Impact Factor


Original Research ARTICLE

Front. Microbiol., 14 July 2014 | http://dx.doi.org/10.3389/fmicb.2014.00342

Persistence in the shadow of killers

  • Mathematical Biology Unit, Okinawa Institute of Science and Technology, Okinawa, Japan

Killing is perhaps the most definite form of communication possible. Microbes such as yeasts and gut bacteria have been shown to exhibit killer phenotypes. The killer strains are able to kill other microbes occupying the same ecological niche, and do so with impunity. It would therefore be expected that, wherever a killer phenotype has arisen, all members of the population would soon be killers or dead. Surprisingly, (1) one can find both killer and sensitive strains in coexistence, both in the wild and in in vitro experiments, and (2) the absolute fitness cost of the killer phenotype often seems to be very small. We present an explicit model of such coexistence in a fragmented or discrete environment. A killer strain may kill all sensitive cells in one patch (one piece of rotting fruit, one cave or one human gut, for example), allowing sensitives to exist only in the absence of killer strains on the same patch. In our model, populations spread easily between patches, but in a stochastic manner: one can imagine spores borne by the wind over a field of untended apple trees, or enteric disease transmission in a region in which travel is effectively unrestricted. What we show is that coexistence is not only possible, but that it is possible even if the absolute fitness advantage of the sensitive strain over the killer strain is arbitrarily small. We do this by performing a specifically targeted mathematical analysis on our model, rather than via simulations. Our model does not assume large population densities, and may thus be useful in the context of understanding the ecology of extreme environments.

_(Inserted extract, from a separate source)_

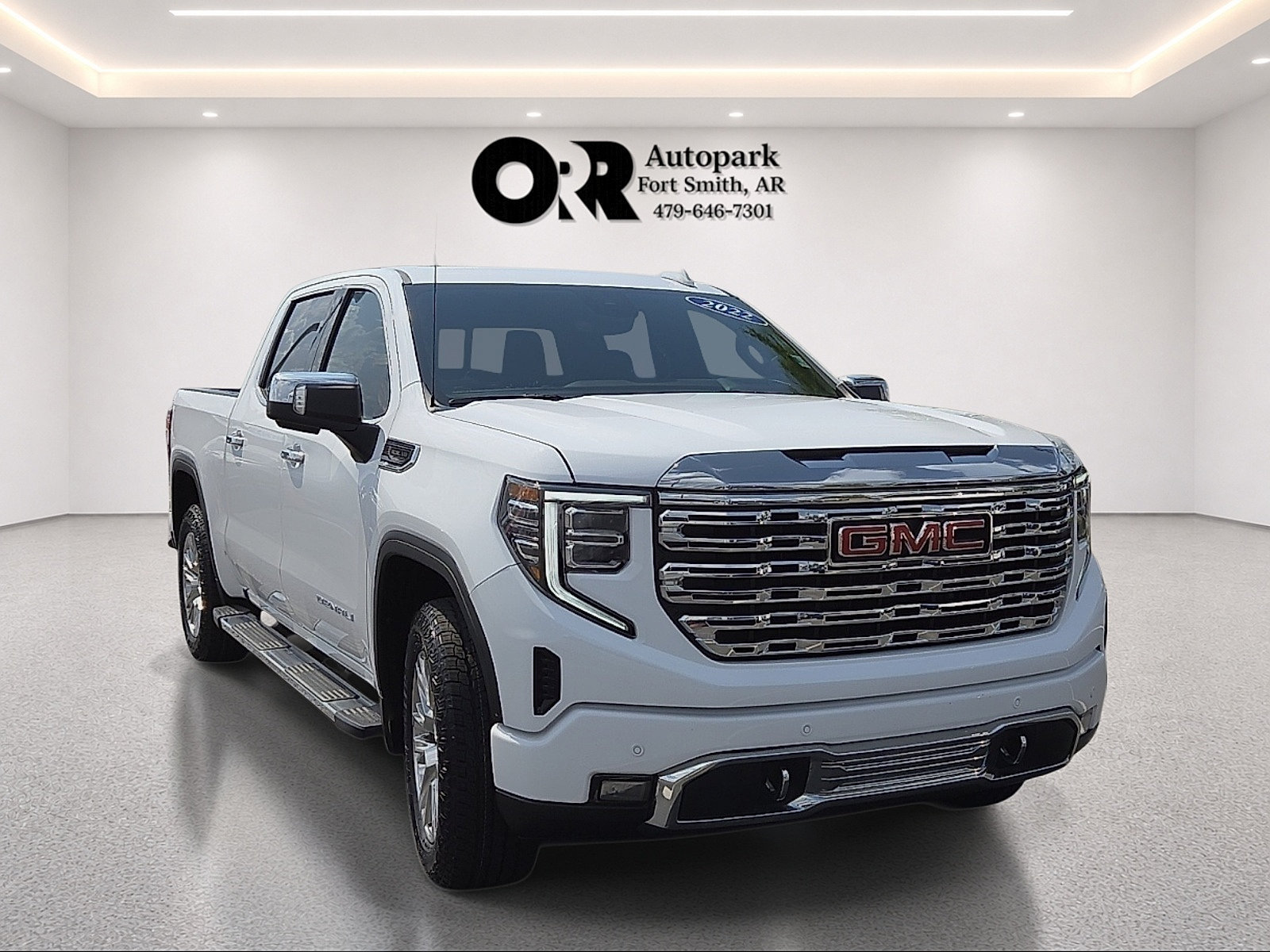 Used 2022 GMC Sierra 1500 Denali w/ Technology Package AWD/4WD image 1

Keywords: intra-species interaction, killer phenotype, competitive exclusion, coexistence, mathematical analysis

Citation: Sinclair RM (2014) Persistence in the shadow of killers. Front. Microbiol. 5:342. doi: 10.3389/fmicb.2014.00342

Received: 31 March 2014; Accepted: 20 June 2014;
Published online: 14 July 2014.

Edited by:

Luis Raul Comolli, Lawrence Berkeley National Laboratory, USA

Reviewed by:

Chiara Mocenni, University of Siena, Italy
Franz Luef, NTNU Trondlheim, Norway

Copyright © 2014 Sinclair. This is an open-access article distributed under the terms of the Creative Commons Attribution License (CC BY). The use, distribution or reproduction in other forums is permitted, provided the original author(s) or licensor are credited and that the original publication in this journal is cited, in accordance with accepted academic practice. No use, distribution or reproduction is permitted which does not comply with these terms.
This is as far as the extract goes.